A short comparison (not necessarily complete):
CGI:
- is a RFC standard (
https://tools.ietf.org/html/rfc3875)
- for every connection you create a new process, sent the request to this process, read the response from there and forward it to the client
- so you create a lot of processes and have a lot of inter-process communications
- but you have as many processes as you need
- if the CGI process crashes, it only affects one connection
- if you use a blocking operation (reading something from a network drive) you only block one connection
Fast CGI:
- is not a RFC standard, and the website (
http://www.fastcgi.com/) is gone, but it is still a common practice
- you have a limited number of processes: you pre-create one process and queue all requests there
- you gain speed, by not having to create a new process for every request
- but you queue (serialize) all requests, and still have a lot of inter-process communications
In-server module:
- you embed the language interpreter into the webserver
- every connection / every request has its own interpreter, so there is no need for serialization
- no inter-process communication
- basically as fast as you can get
- you cannot do it with every interpreter, in civetweb we only support Lua and JavaScript as server side scripting languages (and everything you can add using C/C++ callbacks)

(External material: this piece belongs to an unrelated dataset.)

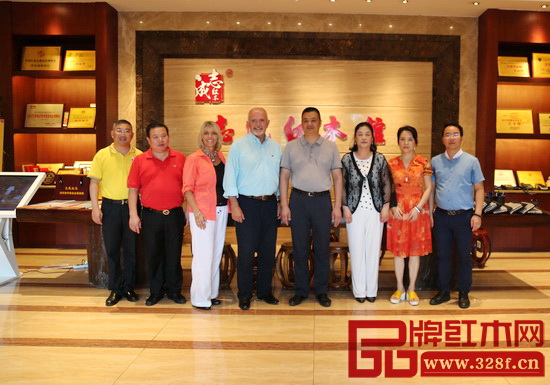 志成紅木董事長李正倫（右四）與美國內華達州前州長JIM GIBBONS等一行人在志成紅木展廳合影留念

- every connection is independent, so you can block, pause/abort/reorder processing, ...
- using C/C++ callbacks to extend an existing application with web capabilities is equivalent to in-server modules
So, FastCGI is faster than CGI (unless you use blocking operations in FastCGI), but in-server modules are even better.
FastCGI is currently not implemented - it would be possible to add it, but up to now just nobody has done it.
Personally I usually use C callbacks or Lua in-server modules, so there is no speed issue.